Posted By admin on March 12, 2017
This violin was made in 1899 in Strasbourg, but in some ways it could be considered English.
The maker, Georges Fillion, was born in France (in 1869) and was initially trained in Mirecourt. He then worked briefly in Switzerland and Paris, but most importantly London, for the firm of W.E. Hill & Sons.
The beautiful Hill instruments dating from just before the end of the 19th century were made by French-trained luthiers: Charles Langonet, Joseph Maurice Somny and Georges Fillion seem to have been the best of them. There was a golden period around 1895 when all three were in the same workshop. However there were other Frenchmen too: Delunet, Marchand, Frelainet and Jenin . . . that’s seven Mirecourt-trained luthiers working for the British company.

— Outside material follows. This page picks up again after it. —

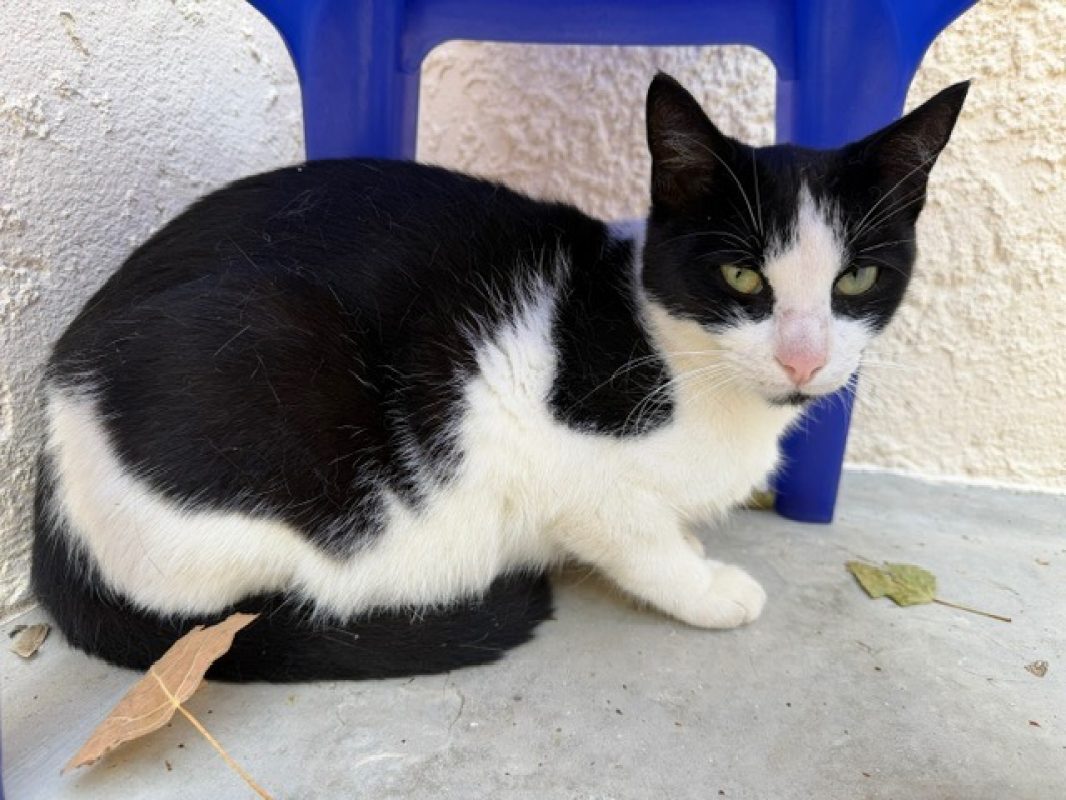 Dalhia - Chat Européen à adopter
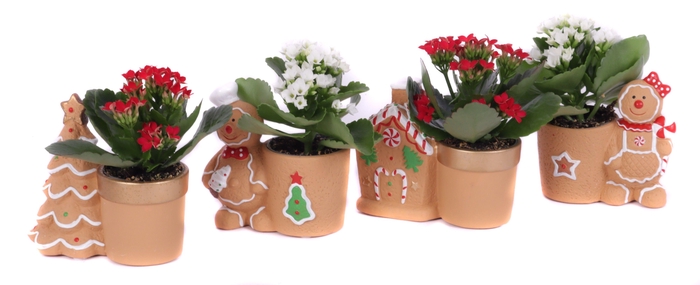 <h4>Kalanchoe rood en wit 6 cm in gingerbread planter</h4>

The Hills pursued excellence in their restorations and their products, and Fillion was very proud of having worked for them. He left the Hills in 1896, settling in Strasbourg. However some of his violins were clearly aimed at the British market and were sold in London. The labels of these are in English and bear the words “Scholar of W. Hill & Sons”.
The label of this particular violin tells us this is No 58, dating from 1899. It is also inscribed 1er Qt, meaning first quality. He only did this if he thought it deserved it. The later example illustrated in Réne Vannes’ Dictionnaire is inscribed 2nd Q.